+++ Dataset +++

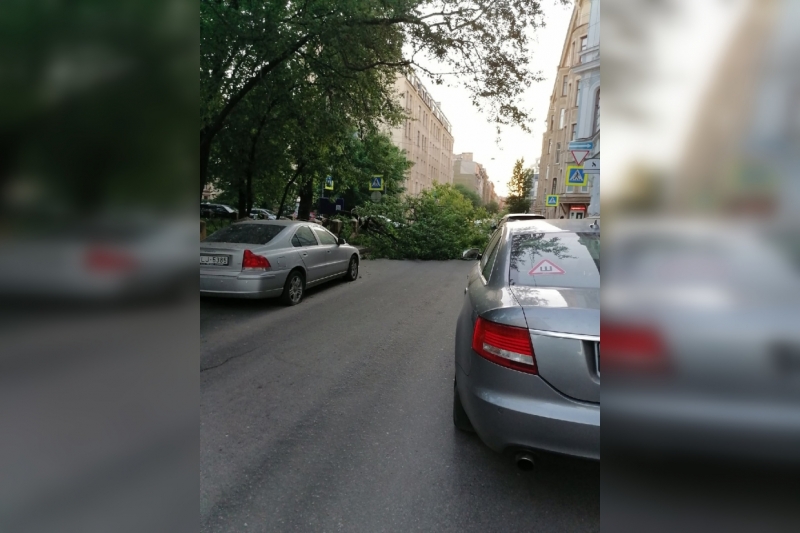 Велокурьер чудом остался цел: в Петербурге огромная ветка рухнула на дорогу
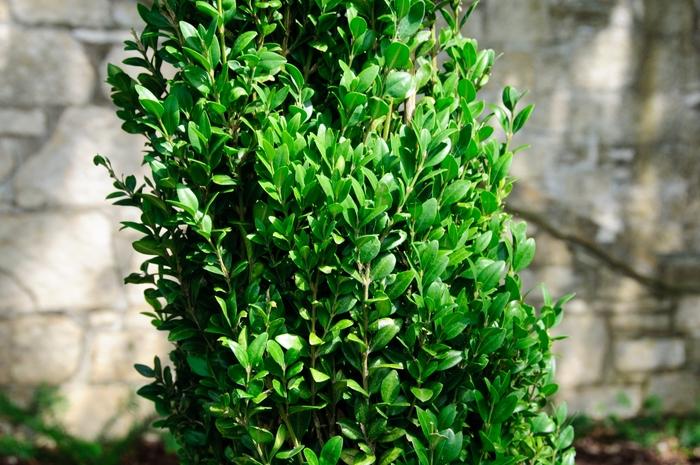 Buxus sempervirens Graham Blandy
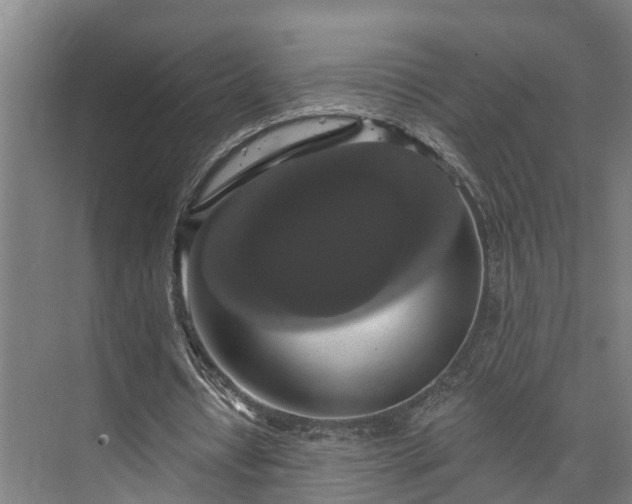 X0000073400434200608040931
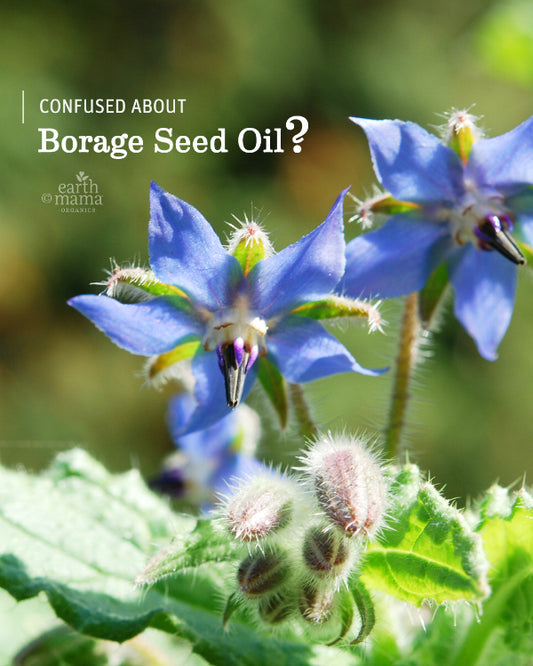Confused About Borage Seed Oil?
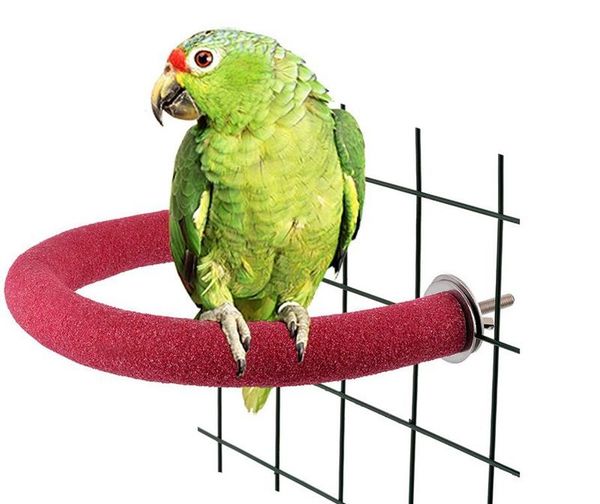 other bird supplies parrot toy pets u shape bar stand perch grinding claw sanding rod
other bird supplies parrot toy pets u shape bar stand perch grinding claw sanding rod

+++

§ **Work task**: From the line containing "X0000073400434200608040931" to the end of the data above, give those lines again verbatim, with both endpoints included and no images.

§ **Response box**:
 X0000073400434200608040931
Confused About Borage Seed Oil?
 other bird supplies parrot toy pets u shape bar stand perch grinding claw sanding rod
other bird supplies parrot toy pets u shape bar stand perch grinding claw sanding rod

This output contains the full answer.